[Start of Attachment]

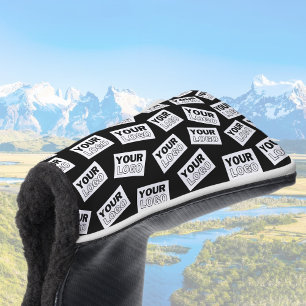 Funda Para Palo De Golf Buscar su logotipo o cualquier foto colocado aleat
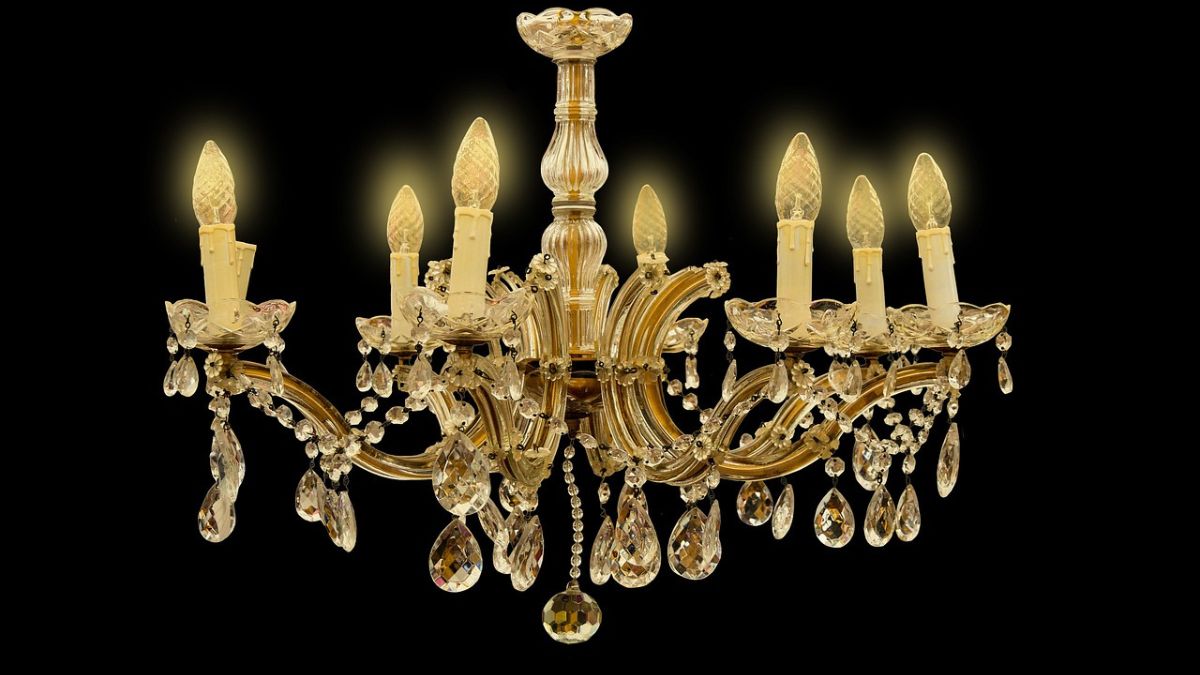 Best Chandelier For Living Room Online on Amazon: Light Up Your Space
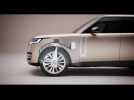 2022 Range Rover Chassis SEQ Suspension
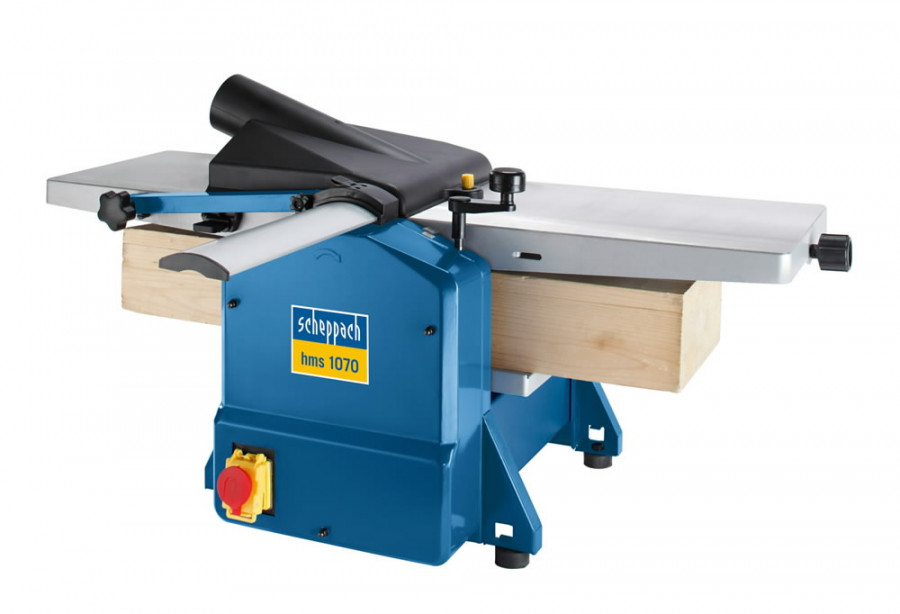 Scheppach HSS Lame Per Pialla, 2 Pezzi Per HMS1070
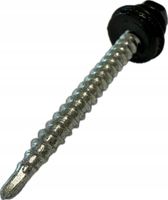 WKRĘT FARMERSKI 4.8 X50 RAL7016 (100) SZARY ANTRACYT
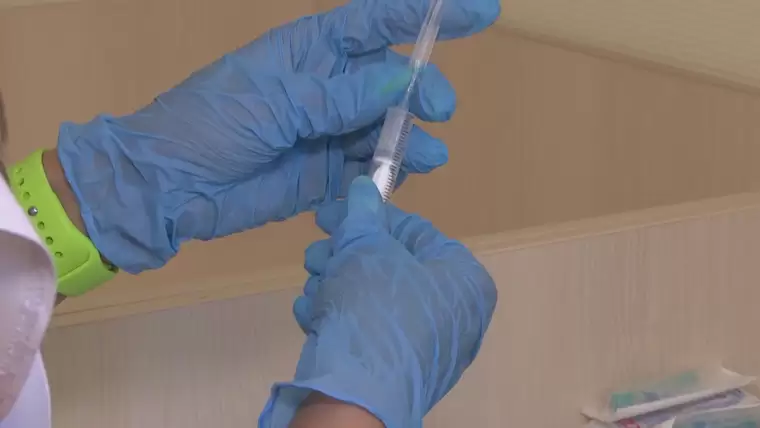 Роспотребнадзор РТ: почти 70% татарстанцев вакцинировались от коронавируса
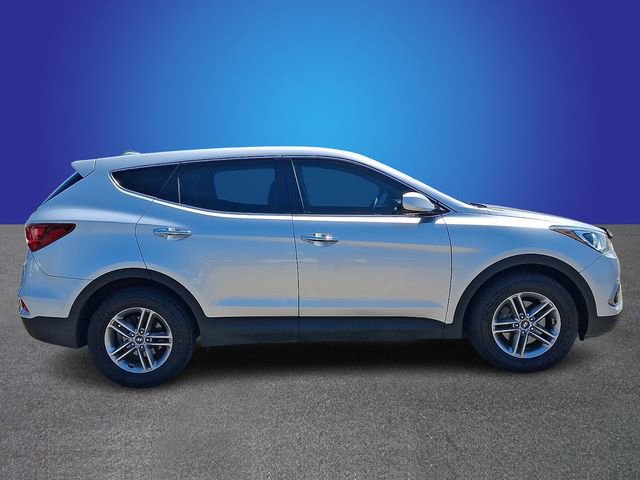 Used 2017 Hyundai Santa Fe Sport AWD/4WD image 4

[End of Attachment]

| YOUR TASK |
Copy exactly the lines from the one containing "WKRĘT FARMERSKI 4.8" through the last line of the records above, including both, and omit every picture.

| TASK RESULT |
 WKRĘT FARMERSKI 4.8 X50 RAL7016 (100) SZARY ANTRACYT
 Роспотребнадзор РТ: почти 70% татарстанцев вакцинировались от коронавируса
 Used 2017 Hyundai Santa Fe Sport AWD/4WD image 4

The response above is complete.